スーパーフォーミュラ第3戦富士、ピエール・ガスリー(TEAM MUGEN)は8番グリッドからスタートした自身初の決勝250km戦をホンダ勢最高の5位でフィニッシュした。
開幕前のテストでの“定位置”を2レース連続でゲットして復調モードに乗った格好だが、もちろんガスリーはこれに満足することなく、次戦以降のさらなる改善、前進を狙っている。
「エキサイティングなレースだったし、とても面白かったよ。マシンパフォーマンスも向上したし、チームとともに良い方向性を得られたと感じている。その結果、4位に近い5位でフィニッシュできた。満足かって? それは……。でも、ポジティブないいレースだったと思う」
笑顔弾ける、とまではいかないものの、猛暑のレースを戦い終えたガスリーは、今季これまでのレース後で最も明るい表情を見せた。

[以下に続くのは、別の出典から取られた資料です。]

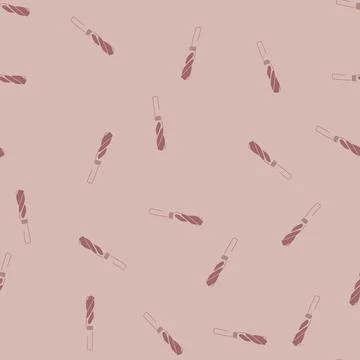Seamless pattern carbide drill bit cartoon vector Stock Illustration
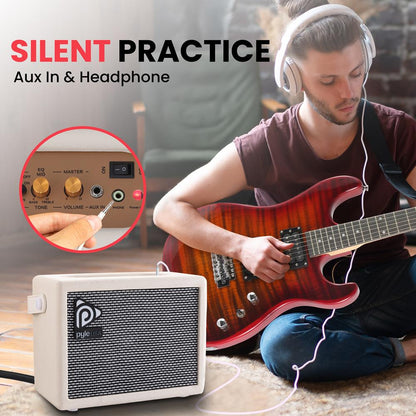 Portable Guitar Amplifier 10W Enhanced Sound Leather Coated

1周目に僚友・山本尚貴に次ぐ6番手へとポジションを上げたガスリーは、55周レースの18周目にピットイン、約14秒のストップ時間で給油と4輪タイヤ交換を実施した。
手塚長孝監督によれば、このタイミングは順位を争うライバルたちとの位置関係を考慮しての状況判断によるもの、そして給油時間と4輪交換は決め打ちだった。つまり、満タンではなく少し軽めの燃料タンク状態でガスリーはレースをスタートしていた。
マシンのフィーリングが前戦あるいは予選時より向上し、しかもフルタンクではなかったとはいえ、やはりレース序盤のマシンが重い状態では「かなり大きいタイヤのデグラデーションを感じた」とガスリーは振り返る。だが、「フレッシュなタイヤに換えて(マシンも軽くなって)からは、いいペースで走れた」。
レース中盤以降は、タイヤ無交換を選択したトムス勢や関口雄飛(ITOCHU ENEX TEAM IMPUL)らを追いかけ、追いつく展開の戦いとなり、36周目には中嶋一貴(VANTELIN TEAM TOM'S)をパス。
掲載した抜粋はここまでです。